There are always aspects of me that I don't like, things I'm always striving to improve upon.  If I had a task list of life-objectives, areas of my own self that I could find fault with, it would extend beyond any vision of the horizon before me.  I am never satisfied.

I feel like, if I could take my life and hold it at arms length, an intimate distance but a distance still, I would be uncomfortable with what I was looking at.  I would be consumed with all the divots of failure, chasms of bad decisions, canyons of perpetual disobedience that left me wandering in valleys of confusion and hopelessness.  I would see something broken.

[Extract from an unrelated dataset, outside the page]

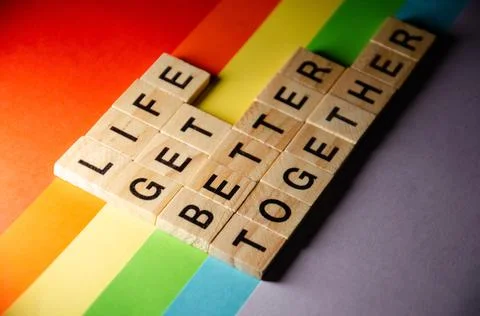 Text message Life get better together for protest action. Stock Photos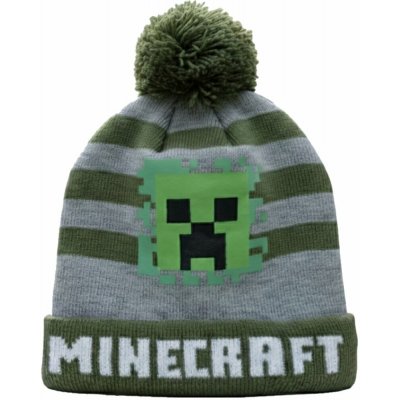 Fashion.uk Dětská pletená čepice s bambulí Minecraft motiv Creeper – Zbozi.Blesk.cz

In Sunday School, my students are reading through the book of John.  Our method is to read straight through a book or a chapter, dissect it as we go along, and derive truth out of what is in front of us.  We are determined to know John better than any other class in our church and with knowing John comes knowing Jesus.  I have stressed that as Christians, we should know as much about Jesus as we can learn.  After all, if we don't know Jesus, then we're missing Christianity entirely.  Jesus, if nothing else, is a brilliant historical figure!  He was not quiet or shy, defensive or obnoxious, insecure or proud.  He made fantastic statements like, "Destroy this temple and I will raise it in three days."  He called out hypocrites, called people "vipers" in public settings when He saw them propagating false teachings.  He turned over tables and took a whip to people dishonoring the temple.  He even disowned his own family members when they insinuated He was unstable.  He talked to people who others passed by and ignored, rejected, despised.  Throughout the biographies of Jesus (we call them the Gospels), we see a person who loves the down-trodden, the underdog, the broken.

And that's the best part, really.  The reality is that Jesus is so much more than just an historical figure, stuck in the passages of time gone by, teaching us from a comfortable distance.  He's actually even closer than the intimate distance of an arms-length away.  And He still has that soft-spot for the broken.  In fact, He said only the broken need a healer.

So when I'm making my list, that daunting list of all those things I need to improve on, as a follower of Jesus Christ, I have the option, the luxury of turning all of those things over to Him.  Then, and only then, will I experience true satisfaction, not in myself, but in Him.